Prompt – The answer should match the entries below word for word, minus their pictures.
------------------------------------
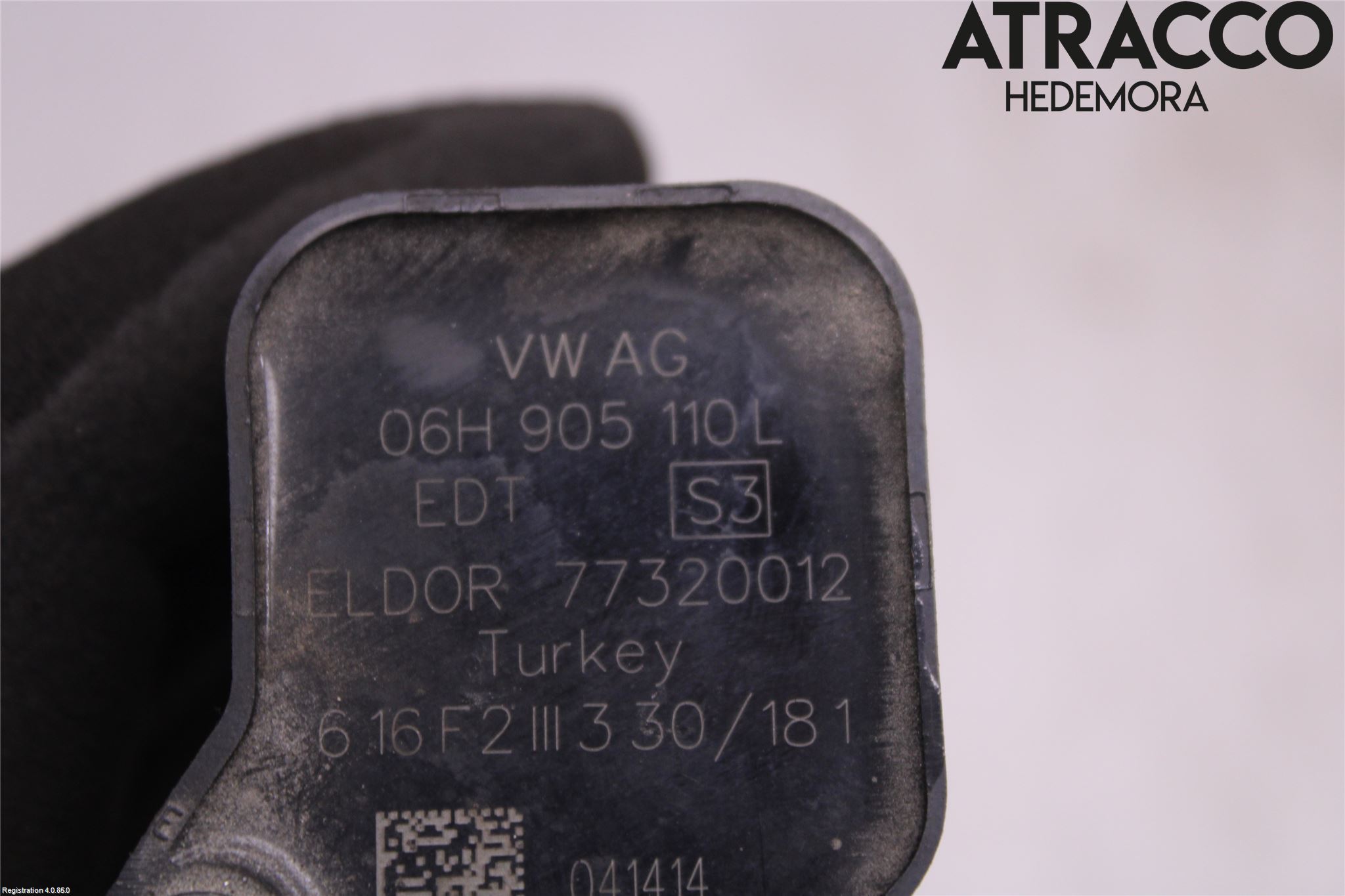 Skoda OCTAVIA (5E) 13-20 Coil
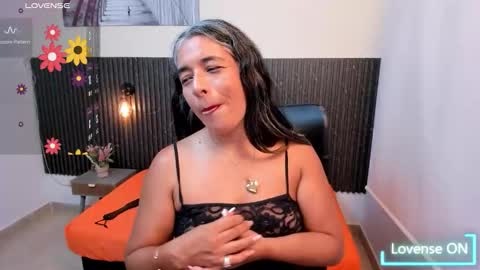 Tammy Lynn online show from December 2025 05:43:02 PM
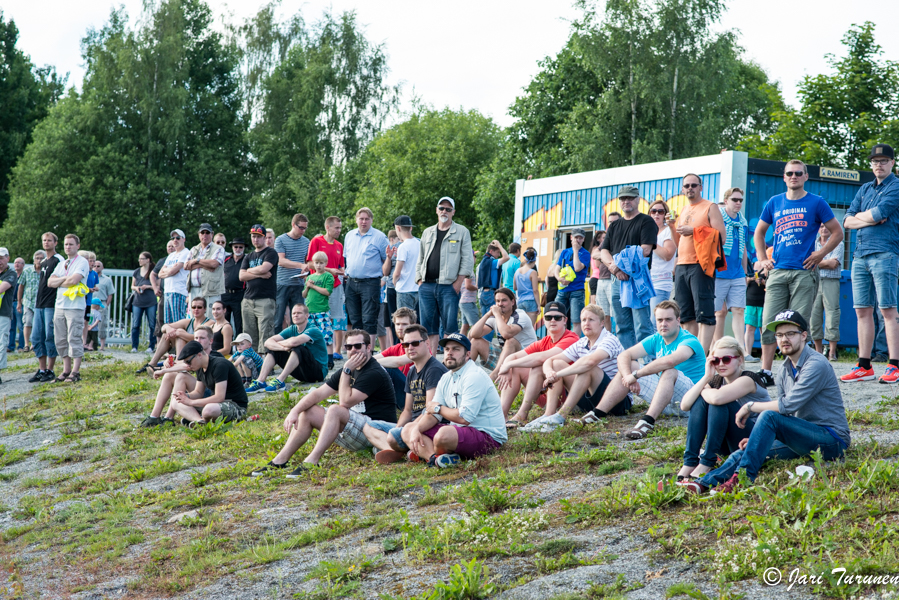 6.7.2014 - (KuPS-HJK)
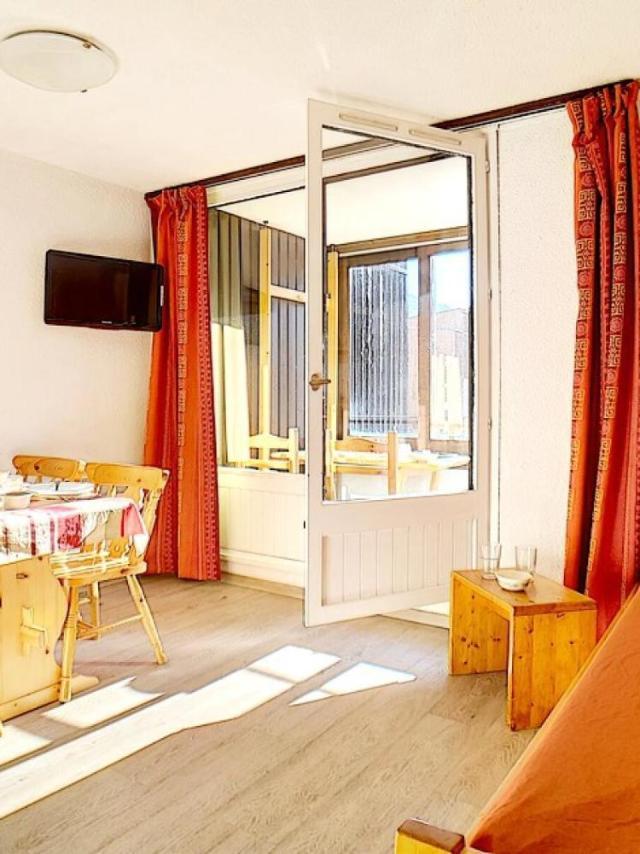 Residence Le Sorbier - Appartement Lumineux · Depart Et Retour Skis Aux Pieds · Vue Sur Les Pistes Mae-1714 – bild 6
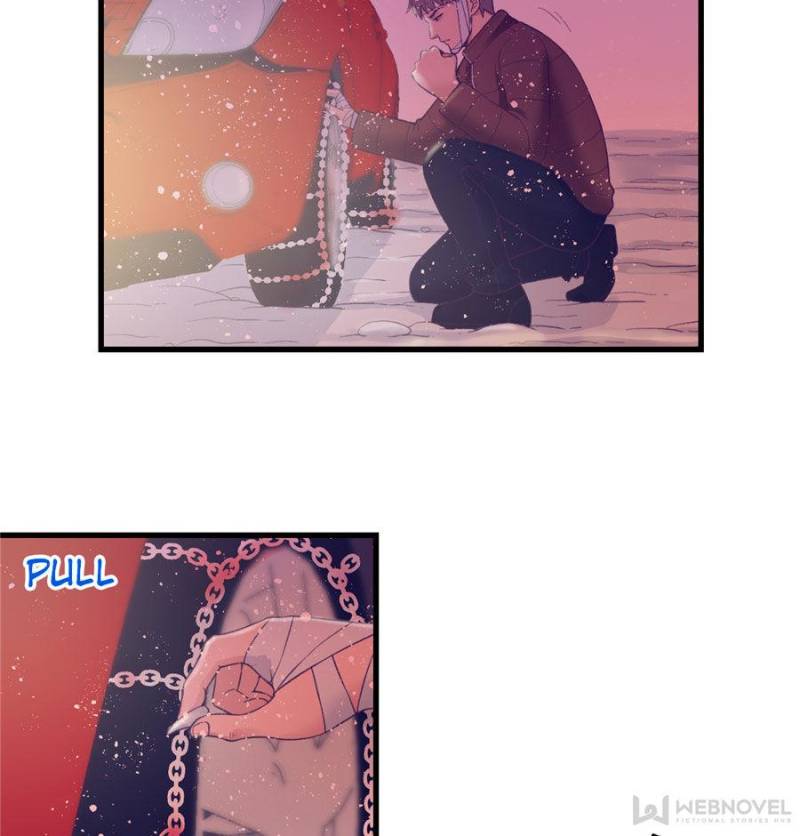 Dreamland Adventure Chapter 19 - Page 2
------------------------------------
Task result –
 Skoda OCTAVIA (5E) 13-20 Coil
 Tammy Lynn online show from December 2025 05:43:02 PM
 6.7.2014 - (KuPS-HJK)
 Residence Le Sorbier - Appartement Lumineux · Depart Et Retour Skis Aux Pieds · Vue Sur Les Pistes Mae-1714 – bild 6
 Dreamland Adventure Chapter 19 - Page 2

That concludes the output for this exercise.